Task brief →
Transcribe the entries below exactly; leave every image out.

Exercise data →

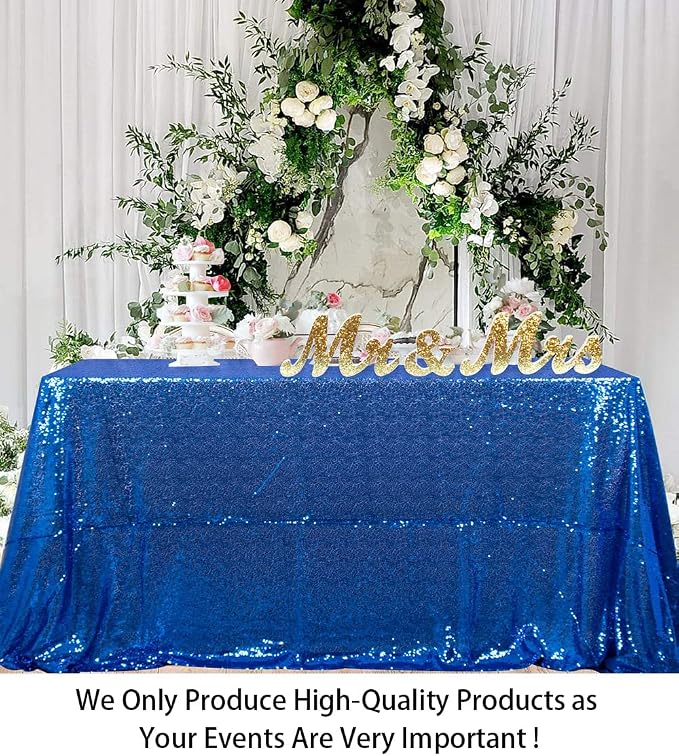 ShiDianYi Royal Blue Sparkle Tablecloth 60x102-Inch Rectangle Blue Sequin Table Cloth Twinkle Twinkle Little Star Decorations 1st Birthday Party Boy's Baby Shower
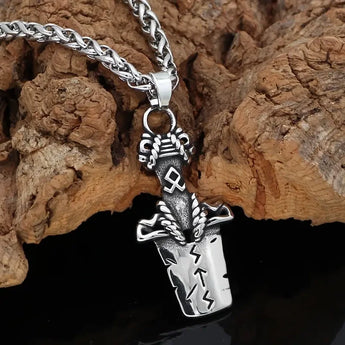 Norse Viking Broken Runes Sword Pendant Necklace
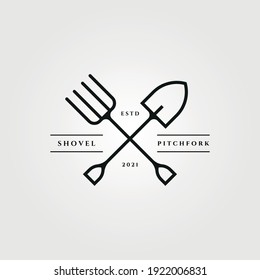 pitchfork and shovel icon logo vector minimalist illustration design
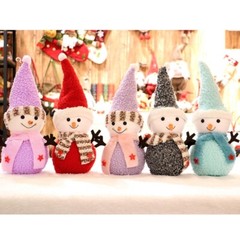 Christmas Ornament Plush Snowman for Doll with Scarf and Hat Miniature Figurine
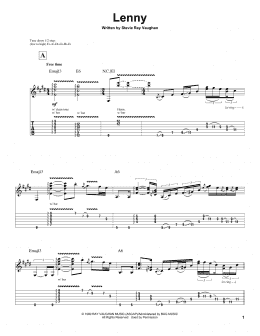 page one of Lenny (Guitar Tab (Single Guitar))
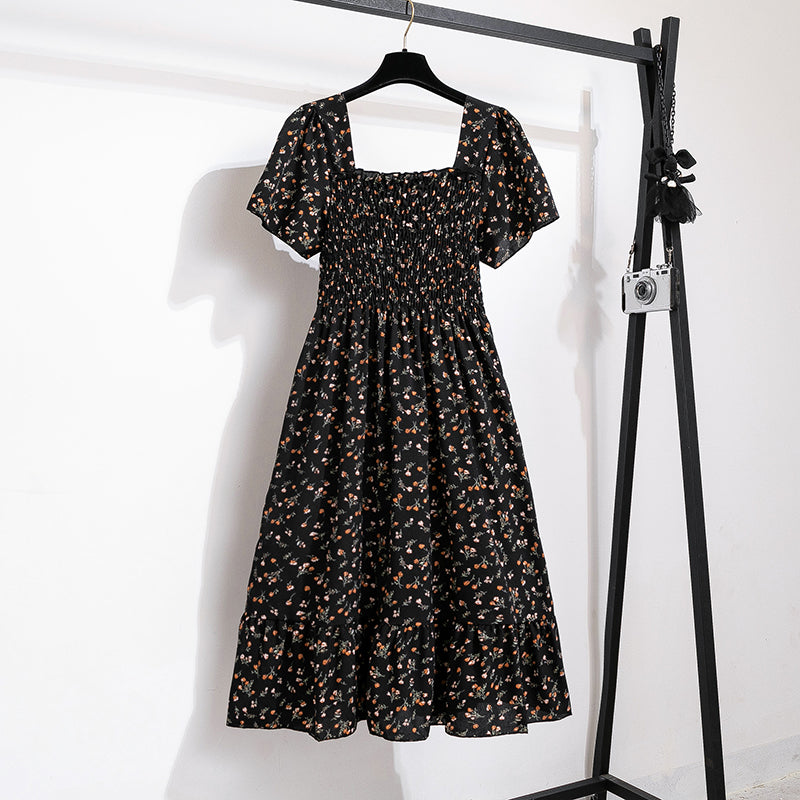 Summer Autumn Fashion Female Short Sleeve Elastic Waist Printed Floral A-line Midi Dress Women Chiffon Dresses Casual Dress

Task output →
 ShiDianYi Royal Blue Sparkle Tablecloth 60x102-Inch Rectangle Blue Sequin Table Cloth Twinkle Twinkle Little Star Decorations 1st Birthday Party Boy's Baby Shower
 Norse Viking Broken Runes Sword Pendant Necklace
 pitchfork and shovel icon logo vector minimalist illustration design
 Christmas Ornament Plush Snowman for Doll with Scarf and Hat Miniature Figurine
 page one of Lenny (Guitar Tab (Single Guitar))
 Summer Autumn Fashion Female Short Sleeve Elastic Waist Printed Floral A-line Midi Dress Women Chiffon Dresses Casual Dress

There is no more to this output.